Cette année, à moins d’un changement radical, la situation est loin d’être aussi éprouvante que lors de l’hiver 2008 alors que l’indice NIVA moyen au Québec était de plus de 5600 jours/cm. «Dans le Bas-Saint-Laurent, l’hiver a été relativement clément, affirme JEAN LAMOUREUX, biologiste au ministère du Développement durable, de l’Environnement, de la Faune et des Parcs (MDDEFP). L’indice NIVA est beaucoup moins élevé que la moyenne.» Voilà qui surprend pour une région dont les conditions hivernales sont habituellement difficiles pour le cerf de Virginie. Au début du mois de mars, la situation était toujours favorable au cerf au sud du Saint-Laurent, soit de la Gaspésie à Chaudière-Appalaches, a confirmé pour sa part FRANÇOIS LEBEL, coordonateur pour la gestion du cerf de Virginie au MDDEFP. «L’indice NIVA est 40% moins élevé que d’habitude», précise le biologiste, soulignant du même souffle que l’hiver n’était pas encore terminé. Tout de même, ça regarde bien. «Dans l’ensemble du Québec, les conditions ne sont pas difficiles, ajoute François Lebel. Pour l’Outaouais et les Laurentides, on parle d’un hiver dans la moyenne alors que pour Lanaudière, l’indice NIVA est un peu plus élevé que la moyenne.»

Rétrospective

Que les chasseurs et les observateurs de la faune se rassurent.

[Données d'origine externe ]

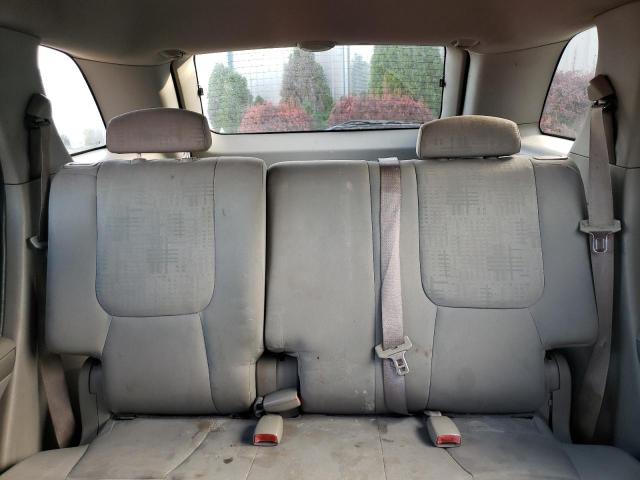 2006 Chevrolet Equinox Ls VIN: 2CNDL23F566154235 Lot: 60828894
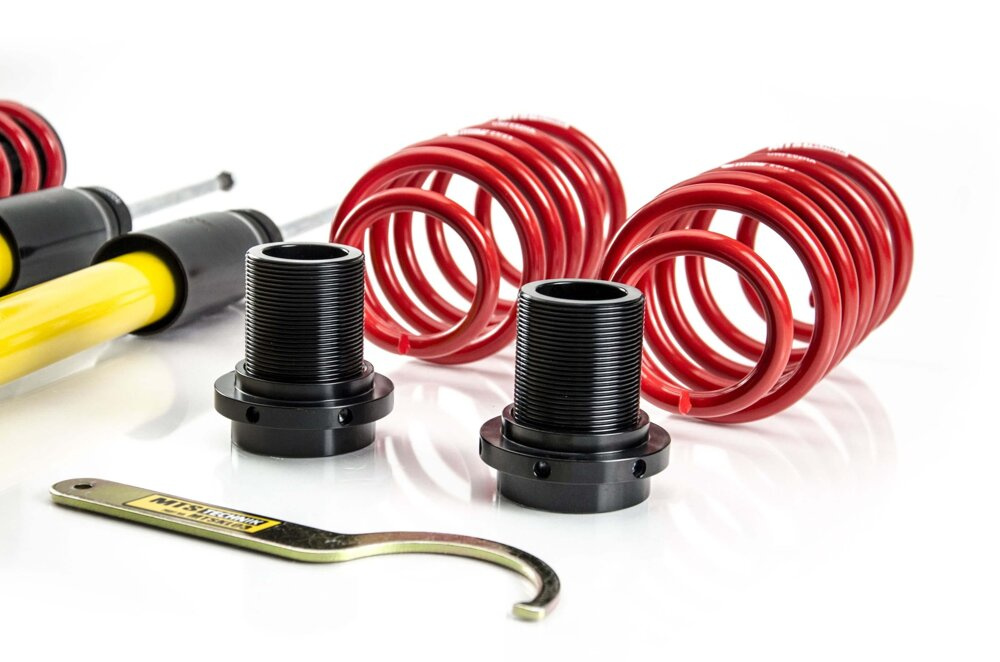 MTS Technik / Eibach coilovers Comfort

Il n’y aura pas de déclin du cheptel. La population de cerfs excluant l’île d’Anticosti étant de 242 000 individus selon les dernières estimations, il est impensable de se retrouver au niveau des années 1970, avec seulement 30 000 têtes. S’il est vrai que l’hiver 2008 a frappé durement, le cheptel a vite fait de remonter la pente, ce qui est vérifiable avec la récolte des mâles adultes par les chasseurs. Ainsi, lors de la saison de chasse ayant suivi le dur hiver 2008, les résultats sont de 27 000 mâles, soit presque 8000 bucks de moins que l’année précédente. Lors de la saison 2012, les chasseurs ont pris plus de 30 000 mâles. En l’espace de seulement quelques années, le cheptel a repris du poil de la bête.

Le climat n’est pas tout

Comment expliquer que la population tend à se rétablir ou à tout le moins, ne pas poursuivre un déclin? Par la règlementation de chasse. Si le cerf de Virginie était devenu rare dans les années 1970, ce n’est pas seulement à cause des hivers rigoureux. C’est aussi parce qu’on pouvait chasser mâles et femelles sans distinction. L’application de la loi du mâle a été le premier pas dans le rétablissement du cheptel. Aujourd’hui, puisque les cerfs sont beaucoup plus abondants, la chasse aux cerfs sans bois est permise, avec certaines restrictions. Suite à un hiver difficile dans une région, le ministère peut alors émettre moins de permis de chasse pour les cerfs sans bois, afin de donner la chance à la population de se régénérer.

L’habitat: vital!

Un des facteurs de survie dont on parle peu, c’est la qualité de l’habitat. Avec la réalisation de plans d’aménagement de la forêt, impliquant par exemple une coupe de jardinage, bien des ravages seraient en mesure de fournir plus d’abris et de nourriture pour les chevreuils. Lors des hivers difficiles, le taux de mortalité serait alors moins élevé. Dans le Bas-Saint-Laurent, quand la situation est critique, un plan d’urgence est mis en place sous la supervision des biologistes du MDDEFP. Les mesures comprennent alors le nourrissage artificiel mais aussi l’ouverture de sentiers secondaires en raquettes ou en motoneige pour donner accès à la végétation que les cerfs peuvent brouter. «Il s’agit de mesures temporaires, indique le biologiste Jean Lamoureux. À long terme, il vaut mieux s’appliquer à restaurer l’habitat dans les ravages.»

Qu’en dîtes vous? Es-ce que ça concorde avec votre expérience? Ça s’applique à votre région?